Distorted price signals and poor messaging around Zambia’s move towards solar has obscured the challenges of new renewable generation in sub-Saharan Africa.
A new paper from Energy for Growth’s Teal Emergy examined the Scaling Solar Program, by the International Finance Corp. (IFC).
A solar auction in Zambia in 2016 set records with tariffs as low as $0.06 per kWh. This Scaling Solar plan, though, “did not scale”, Emery wrote in a new paper. The broader plan also failed to provide a widely replicated model.
The IFC targeted 1 GW under the Scaling Solar plan by 2019. There are now only three projects under the plan, with about 245 MW of capacity.
Sub-Saharan Africa “remains a laggard” in solar power access.
Scaling Solar was well designed, wrote the analyst. “However, official messaging undermined the program’s goals by denying or downplaying the critical role of explicit and implicit subsidies in Zambia’s success,” he wrote.
Distorted price signals hindered the efforts of African governments and solar developers.
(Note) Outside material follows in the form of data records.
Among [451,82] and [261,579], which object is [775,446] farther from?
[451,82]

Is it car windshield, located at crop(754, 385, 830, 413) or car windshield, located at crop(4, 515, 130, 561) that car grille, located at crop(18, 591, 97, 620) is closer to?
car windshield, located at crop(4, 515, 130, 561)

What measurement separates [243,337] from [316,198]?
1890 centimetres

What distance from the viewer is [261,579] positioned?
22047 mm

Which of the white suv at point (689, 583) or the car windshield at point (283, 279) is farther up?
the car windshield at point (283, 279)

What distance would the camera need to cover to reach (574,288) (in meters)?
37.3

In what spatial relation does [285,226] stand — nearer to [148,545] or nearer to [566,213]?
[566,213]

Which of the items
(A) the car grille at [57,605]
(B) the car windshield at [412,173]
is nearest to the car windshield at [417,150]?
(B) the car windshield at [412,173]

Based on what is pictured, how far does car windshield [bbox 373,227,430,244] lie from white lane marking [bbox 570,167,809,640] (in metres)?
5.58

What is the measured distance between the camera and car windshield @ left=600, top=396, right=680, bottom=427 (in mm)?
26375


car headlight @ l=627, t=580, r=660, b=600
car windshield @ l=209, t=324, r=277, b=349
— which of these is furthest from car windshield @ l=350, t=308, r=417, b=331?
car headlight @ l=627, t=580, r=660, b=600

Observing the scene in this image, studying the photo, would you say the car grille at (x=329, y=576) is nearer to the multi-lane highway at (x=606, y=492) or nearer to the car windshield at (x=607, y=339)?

The initiative also “undercut the case for the expansion of concessional lending”, which would have reduced the cost of capital.
The IFC should acknowledge that concessional lending will continue to play a major role in the sector, Emery concluded. Furthermore, there must be more clarity on explicit and implicit subsidies, with transparency on power contracts.
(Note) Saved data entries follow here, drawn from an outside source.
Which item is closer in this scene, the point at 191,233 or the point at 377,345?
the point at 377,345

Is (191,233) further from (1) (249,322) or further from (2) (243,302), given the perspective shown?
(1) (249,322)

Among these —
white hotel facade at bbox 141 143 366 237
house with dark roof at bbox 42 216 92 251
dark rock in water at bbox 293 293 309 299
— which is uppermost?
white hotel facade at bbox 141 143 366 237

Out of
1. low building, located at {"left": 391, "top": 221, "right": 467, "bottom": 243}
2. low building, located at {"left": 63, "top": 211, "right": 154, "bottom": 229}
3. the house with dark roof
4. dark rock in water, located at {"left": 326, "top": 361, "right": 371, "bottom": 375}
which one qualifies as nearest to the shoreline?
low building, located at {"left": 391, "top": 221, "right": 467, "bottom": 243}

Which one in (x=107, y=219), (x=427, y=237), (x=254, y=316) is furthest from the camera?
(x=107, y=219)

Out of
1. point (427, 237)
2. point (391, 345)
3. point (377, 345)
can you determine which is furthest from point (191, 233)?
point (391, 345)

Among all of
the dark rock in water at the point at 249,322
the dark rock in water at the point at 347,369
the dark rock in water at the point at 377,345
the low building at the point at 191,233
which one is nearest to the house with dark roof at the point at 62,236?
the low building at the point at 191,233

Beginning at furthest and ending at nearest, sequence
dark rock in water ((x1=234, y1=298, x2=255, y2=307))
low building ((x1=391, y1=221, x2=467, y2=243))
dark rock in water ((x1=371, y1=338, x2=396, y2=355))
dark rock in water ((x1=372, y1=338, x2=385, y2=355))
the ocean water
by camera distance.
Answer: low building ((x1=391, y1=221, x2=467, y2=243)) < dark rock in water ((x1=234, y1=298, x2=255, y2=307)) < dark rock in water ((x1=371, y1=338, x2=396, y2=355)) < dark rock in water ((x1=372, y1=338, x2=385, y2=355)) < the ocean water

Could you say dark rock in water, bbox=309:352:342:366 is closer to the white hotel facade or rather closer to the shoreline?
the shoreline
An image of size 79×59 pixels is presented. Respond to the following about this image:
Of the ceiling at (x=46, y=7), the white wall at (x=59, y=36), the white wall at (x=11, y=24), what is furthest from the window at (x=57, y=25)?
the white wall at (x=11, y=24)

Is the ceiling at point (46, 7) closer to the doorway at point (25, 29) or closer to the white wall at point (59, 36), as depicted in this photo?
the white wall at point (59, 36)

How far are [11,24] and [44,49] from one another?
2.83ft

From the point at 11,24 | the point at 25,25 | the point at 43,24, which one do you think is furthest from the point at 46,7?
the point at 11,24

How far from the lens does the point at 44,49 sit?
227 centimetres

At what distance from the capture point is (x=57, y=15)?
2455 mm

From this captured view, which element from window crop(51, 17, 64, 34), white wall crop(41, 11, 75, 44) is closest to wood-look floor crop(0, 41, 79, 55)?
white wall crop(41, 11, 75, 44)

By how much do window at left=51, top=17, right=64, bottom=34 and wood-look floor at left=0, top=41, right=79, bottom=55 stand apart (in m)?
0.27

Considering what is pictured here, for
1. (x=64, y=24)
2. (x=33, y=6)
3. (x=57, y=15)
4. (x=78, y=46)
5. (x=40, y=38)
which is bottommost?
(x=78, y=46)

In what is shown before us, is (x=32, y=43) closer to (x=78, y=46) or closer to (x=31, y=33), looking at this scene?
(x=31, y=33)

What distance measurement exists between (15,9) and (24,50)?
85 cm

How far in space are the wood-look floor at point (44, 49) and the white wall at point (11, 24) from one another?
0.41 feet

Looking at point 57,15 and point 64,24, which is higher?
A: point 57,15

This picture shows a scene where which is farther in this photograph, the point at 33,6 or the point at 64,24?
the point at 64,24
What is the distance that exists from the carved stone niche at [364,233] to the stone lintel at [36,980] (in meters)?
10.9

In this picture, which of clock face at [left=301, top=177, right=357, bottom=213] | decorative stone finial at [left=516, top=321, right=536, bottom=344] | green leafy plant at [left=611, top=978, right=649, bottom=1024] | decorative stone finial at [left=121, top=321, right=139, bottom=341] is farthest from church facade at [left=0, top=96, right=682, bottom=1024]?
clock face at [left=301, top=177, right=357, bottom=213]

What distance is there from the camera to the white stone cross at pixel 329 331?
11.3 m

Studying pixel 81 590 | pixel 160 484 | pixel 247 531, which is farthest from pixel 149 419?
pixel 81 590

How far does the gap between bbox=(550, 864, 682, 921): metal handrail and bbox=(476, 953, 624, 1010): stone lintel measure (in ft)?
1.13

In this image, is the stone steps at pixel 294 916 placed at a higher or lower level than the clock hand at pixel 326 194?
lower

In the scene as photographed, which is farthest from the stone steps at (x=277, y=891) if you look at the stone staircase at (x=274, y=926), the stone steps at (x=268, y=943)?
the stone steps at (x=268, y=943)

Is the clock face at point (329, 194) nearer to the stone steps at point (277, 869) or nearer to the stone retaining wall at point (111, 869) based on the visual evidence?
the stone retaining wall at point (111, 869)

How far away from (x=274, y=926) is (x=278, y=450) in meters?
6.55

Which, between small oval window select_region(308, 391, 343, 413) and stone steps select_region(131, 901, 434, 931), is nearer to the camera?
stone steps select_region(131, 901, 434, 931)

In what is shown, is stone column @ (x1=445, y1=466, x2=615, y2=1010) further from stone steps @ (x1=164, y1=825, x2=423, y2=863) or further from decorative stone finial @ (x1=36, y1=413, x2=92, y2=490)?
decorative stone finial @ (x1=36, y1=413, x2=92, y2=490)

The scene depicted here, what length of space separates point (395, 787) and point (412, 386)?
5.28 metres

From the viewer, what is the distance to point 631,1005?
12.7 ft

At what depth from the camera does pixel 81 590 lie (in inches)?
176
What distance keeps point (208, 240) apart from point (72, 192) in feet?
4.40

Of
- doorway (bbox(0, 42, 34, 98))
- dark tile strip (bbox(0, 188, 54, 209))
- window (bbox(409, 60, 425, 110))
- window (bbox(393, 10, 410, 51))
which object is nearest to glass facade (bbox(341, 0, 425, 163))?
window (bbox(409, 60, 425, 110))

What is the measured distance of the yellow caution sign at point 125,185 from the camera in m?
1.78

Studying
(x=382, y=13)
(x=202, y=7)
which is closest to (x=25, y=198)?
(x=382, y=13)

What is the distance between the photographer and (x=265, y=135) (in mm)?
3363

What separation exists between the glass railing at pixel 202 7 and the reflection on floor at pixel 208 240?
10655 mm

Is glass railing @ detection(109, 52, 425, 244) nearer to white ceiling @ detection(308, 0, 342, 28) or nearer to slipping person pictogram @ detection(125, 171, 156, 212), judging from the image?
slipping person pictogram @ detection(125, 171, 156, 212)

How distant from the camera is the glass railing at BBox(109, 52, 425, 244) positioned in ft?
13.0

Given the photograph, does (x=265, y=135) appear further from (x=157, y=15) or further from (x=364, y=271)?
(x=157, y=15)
This latter point would help “market participants to scrutinize pricing drivers and prevent the accumulation of large undisclosed public debts”.
Magical solar story
Emery said that senior leaders at the IFC had undermined the “ambitious and thoughtfully designed” plan through a desire to “tell a magical story where a pinch of best practices and a dash of de-risking” would be enough to unlock the required financing.
The project in Zambia was achieved through “cheap [development finance institution] DFI was a primary driver” of the record low tariff. Private investors have imposed high prices on capital not because of their unfamiliarity with deal structure, Emery said, but because of “genuine credit risk”.
No country has carried out a second round of Scaling Solar projects, the analyst wrote. Zambia’s success appears to have been by substantial DFI funding, although the details are “shrouded in opacity”. The project was simply unviable using market interest rates, he said.
The World Bank said at the time that the African solar project had no “implicit or explicit subsidies”.
In addition to the unclear DFI funding, companies renegotiated deals after closing, Emery said. Quoting a USAID report, he noted IFC did not disclose these renegotiations seemingly out of embarrassment.
As a result of not coming clean, other governments in Africa cancelled various solar projects. Furthermore, the message that concessional financing was not needed put off other DFIs from backing other solar projects.
The true cost of securing $24.5 million from solar developers in Zambia was $81mn of cheap DFI debt and a $5.7mn payment guarantee. With higher borrowing costs now, DFIs should disclose all subsidies, Emery said, so that participants can see “clear price signals”.